Mais comment joue l’irradiation du snob ? Comment sa seule fréquentation peut-elle nous communiquer une part de son assurance ? Si le moi peu peser – « Dieu du ciel ! Encore moi ! », s’écrie Virginia Woolf- il peut également nous fasciner et être le sujet de nos observations.
L’aristocrate est « plus libre, plus naturelle, plus excentrique » que nous. C’est ce manque d’assurance personnelle qui conduit à la chercher chez les autres.
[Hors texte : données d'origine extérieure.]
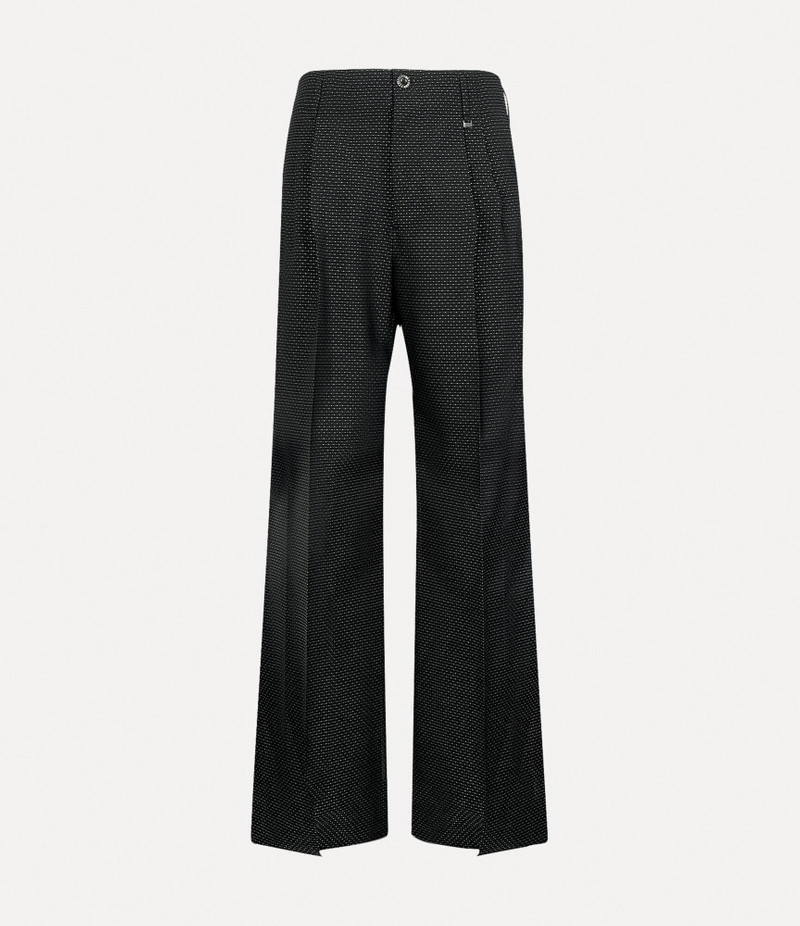 RAF TROUSERS 1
Et Virginia de conclure :
« N’importe quel groupe de gens, s’ils sont bien habillés, s’ils brillent en société et si je ne les connais pas, feront l’affaire. »
Tout cela dit avec humour, d’abord rire de soi, même si « l’humour nous a-t-on enseigné, est inaccessible aux femmes. »
L’humour suppose une lucidité, un regard acéré sur les autres et sur soi-même.
L’admiration naît de la verticalité des relations humaines dans une société où « nous sommes cloisonnés, séparés, coupés les uns des autres. » Comment l’écrivain peut-il connaître les autres ? Est-il condamné à « ne pouvoir décrire intelligemment que les personnes de son niveau social ? » . Virginia Woolf fait remarquer que ces grands que nous suivons depuis le début, nous ne les connaissons pas, car « les grands de ce monde n’ont presque pas écrit et jamais sur eux-mêmes ». Le dandy est celui qui sacrifie le mieux au monde des apparences, au détriment souvent de son intelligence, car ce mode de vie est le seul « qui pouvait le placer dans une lumière éclatante, et lui permettre de se distinguer du troupeau ordinaire des hommes. »
Mais cette fascination ne vient-elle pas d’une faille intérieure qui nous rend faibles et incertains ? Une nouvelle robe peut nous conduire à douter de nous-mêmes, puis-je être sûre « de la pitié et de l’amour et ne pas être renversée en une seconde lorsque j’entre dans une salle pleine de monde ? ». La pauvreté qui nous met à l’écart du bon goût est un sérieux handicap. L’habit ne fait pas le moine, dit-on. Difficile d’acquérir cette aisance que possède celui qui maîtrise les codes.
Mais pour finir, nous ferons tous comme ce papillon, condamné à disparaître dans l’indifférence du Monde.